Drawing my jacket around me, I start my short walk to work in the village. I coil my scarf around my neck and burrow my mouth and nose down in to it. Nearly 6:45 in the morning and it’s still inky dark, not even the hint of the sun light penetrating upwards, sending a fade of pink to yellow to white or blue.

I pass the graveyard by the ancient church. The pub light opposite dances on sparkling quartz in the granite headstones. Its monolithic bell tower rises up and through its silhouette I can see the sky is a lighter black, a bluer black. There is a grave for a woman who was murdered right here two hundred years ago. Her name was Martha, she was robbed, her throat cut. The pub light shines on it so I can trace lines around the granite cross, make shadows in corners of the yard that I can’t bring myself to look right into.

I have to tell myself it’s not that dark, it’s not that early, people are waking in their beds, switching off alarms, bobbing teabags in mugs, rubbing their tired expressions in the windows that reflect their own faces back at them. I can almost smell the stale, fatty smell of frying food. Maybe it’s just a fire, the smoke caught on the wind.

A rustling comes from the hedges as I come to the curve in the lane, it’s darkest here. The trees overhang the road and the solitary street lamp seems to serve to accentuate the lack of visibility elsewhere. I pass the field of rotting cauliflowers; there is a path that leads out of it into the lane through thick, high hedgerows. The rustling again, something sounds as if it is running alongside me, an animal perhaps? My heartbeat pulses in my head. I’m telling myself to run, but from what exactly? As I continue to walk my breath comes out strange and hard.

I see the curve of the bench, its iron arms glint in the meagre street light, halfway up the hill for walkers. It’s nestled in the ivy in the pathway. If I had my torch, I would shine a light on it. There would be someone there. Then they would be up close to my face, rancid and screeching.
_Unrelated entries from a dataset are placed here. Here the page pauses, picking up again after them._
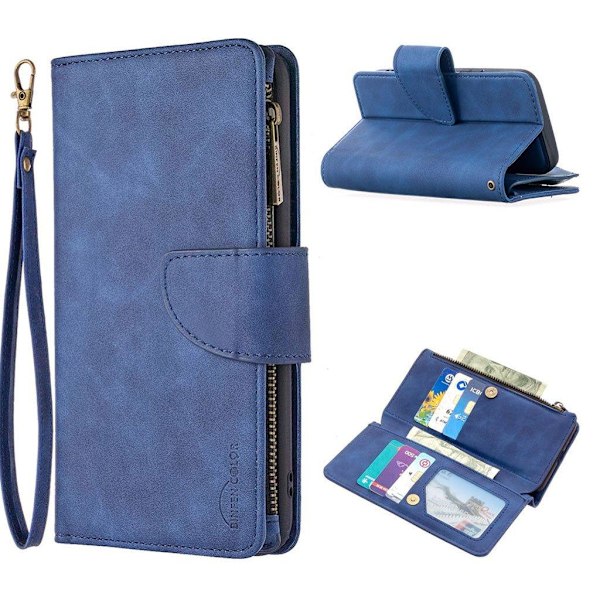 Premium lompakko iPhone 12 Mini tapauksessa - Sininen Blue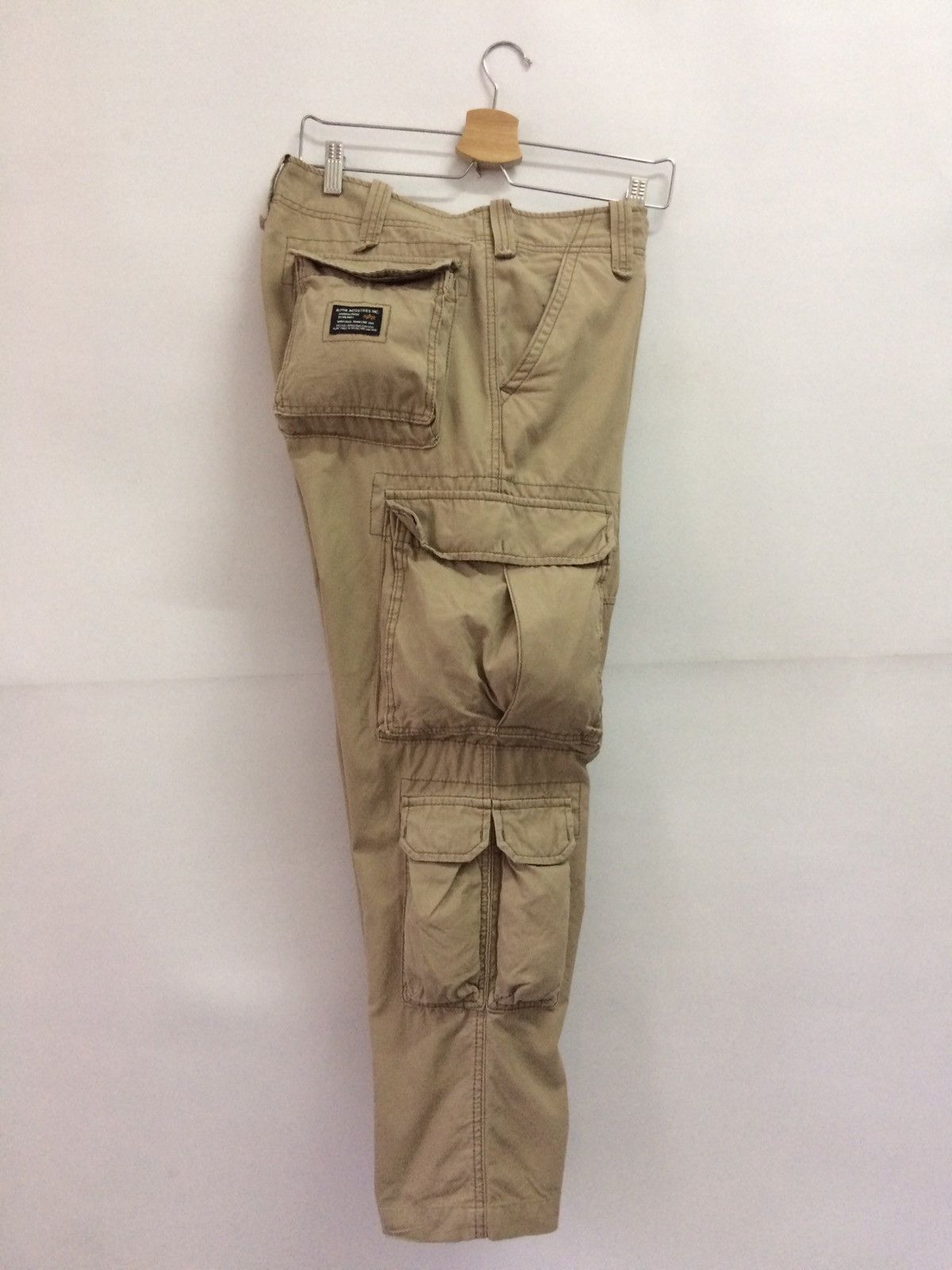 Alpha Industries × Beauty Beast 💥ALPHA INDUSTRIES KHAKI CARGO POCKET PANTS Size US 32 / EU 48 - 7 Thumbnail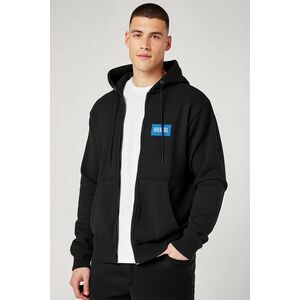 Mikina s Kapucí na Zip, Barva Černá, s Potiskem Humble Amsterdam Blue obraz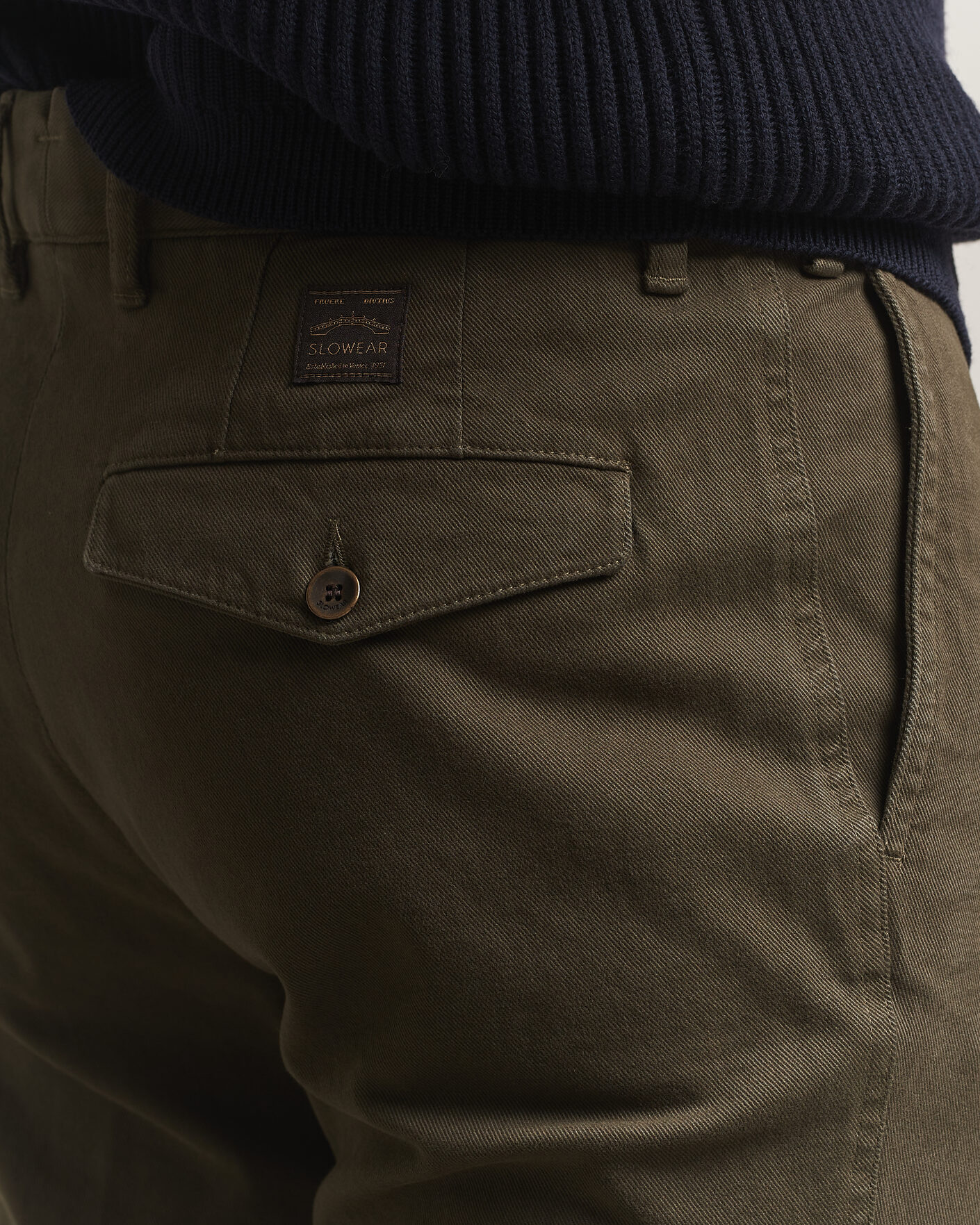 Hombres | Pantalones | Incotex | Regular Fit Cover Chinos Dark Green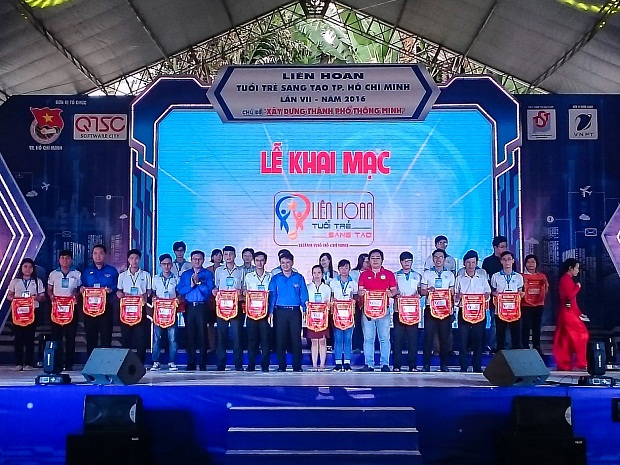 Sinh viên HUTECH tham gia Festival Tuổi trẻ sáng tạo TP. Hồ Chí Minh lần VII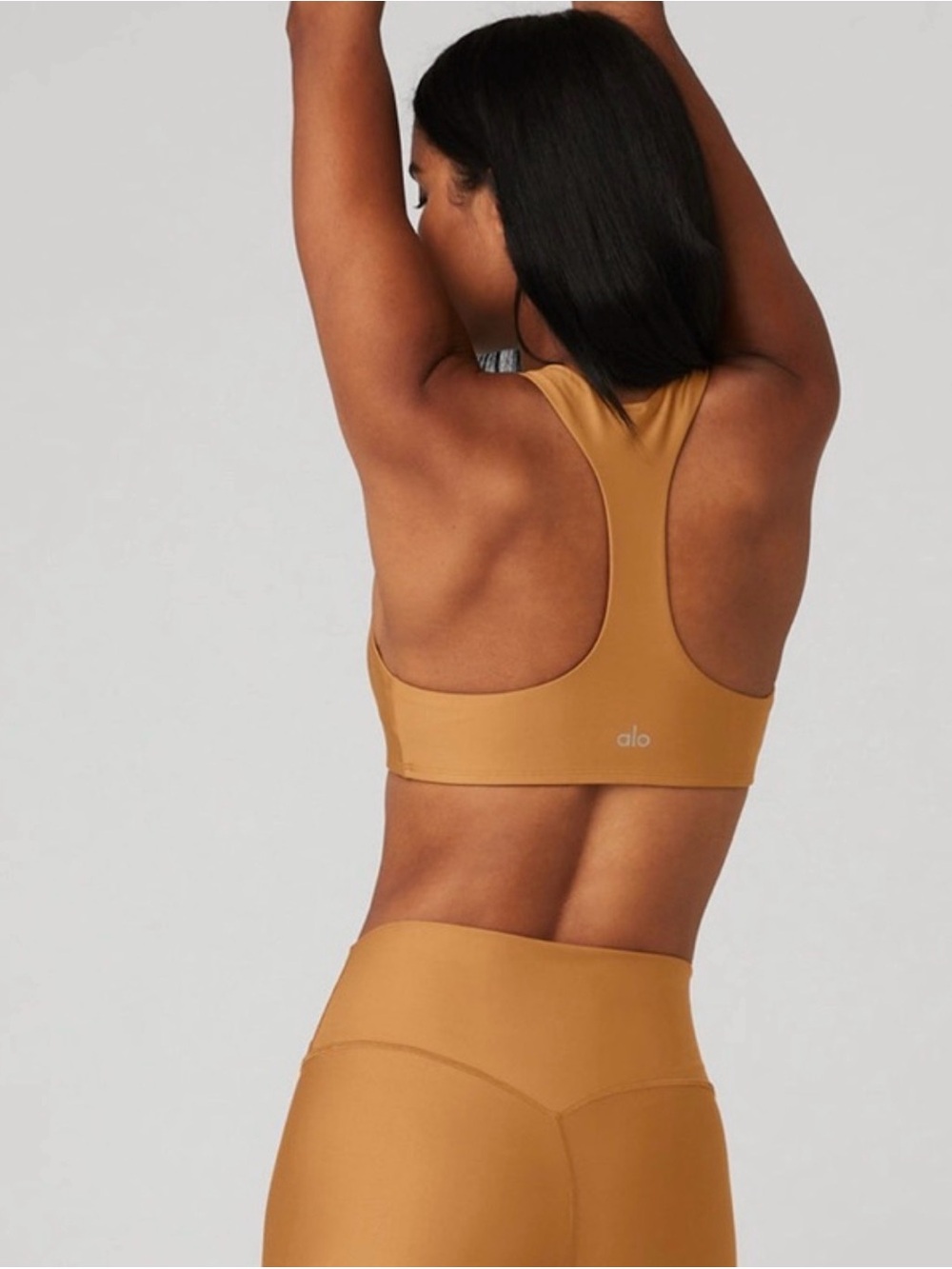 Alo Yoga Airlift Advantage Bra Size Small *Toffee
I keep going, past the rusty gate that leads up to someone’s back garden.

The trees bend in the breeze and creak and crack. They had to cut them back in the summer, the trees. They hit a wasp’s nest. I would hear the low murmur of buzzing each time I came up the hill in the dry heat. My legs would be aching from a long, wrought day on my feet. He was still there when I got home then, we would go for a cold beer and rant about our worst customers and laugh. It’s the same every day, but he’s not there anymore and people get tired of asking if you’re okay. My heartache shifts and changes but to everyone else it’s the same ache that must be getting less and less.
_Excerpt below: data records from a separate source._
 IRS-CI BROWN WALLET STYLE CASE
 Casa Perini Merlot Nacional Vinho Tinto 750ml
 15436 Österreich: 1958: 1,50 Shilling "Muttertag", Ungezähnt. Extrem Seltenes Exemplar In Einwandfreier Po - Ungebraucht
I glance down at the orange street light peppered across the wet concrete. The wind has gone away and the buds are starting to return, when I finish late it’s no longer dark. But it’s still dark in the morning and that’s when I see Martha . There was a woman who was murdered here a long time ago. I think of her a lot. Her walk to the nearby villages where I’ve read she was selling salt. I wonder if she felt afraid walking in these silent lanes, across ancient fields where only moonlight could guide you home.I told a customer what I saw and they said I was lying. Their eyes flickered and darkened when I told them. They didn’t believe me or they think I’m crazy.

I look down and know she is there. She stares at me with terror in her eyes, her arm outstretched to me. I would walk past, my head down, press my mouth into my scarf, a low scream escaping me. It’s always the same, she puts out her hand and I recoil and run. She looks stricken, unsurprising really. Yet, there really is nothing I can do.

Today, is different. I stop. Martha stands beneath the streetlight, the blood iridescent on her throat. I look at her and meet her panicked eyes, and I realise something. She isn’t holding out her hand, she is pointing and she is looking behind me. I turn too slowly, a shadow has emerged from behind me. I turn too slowly.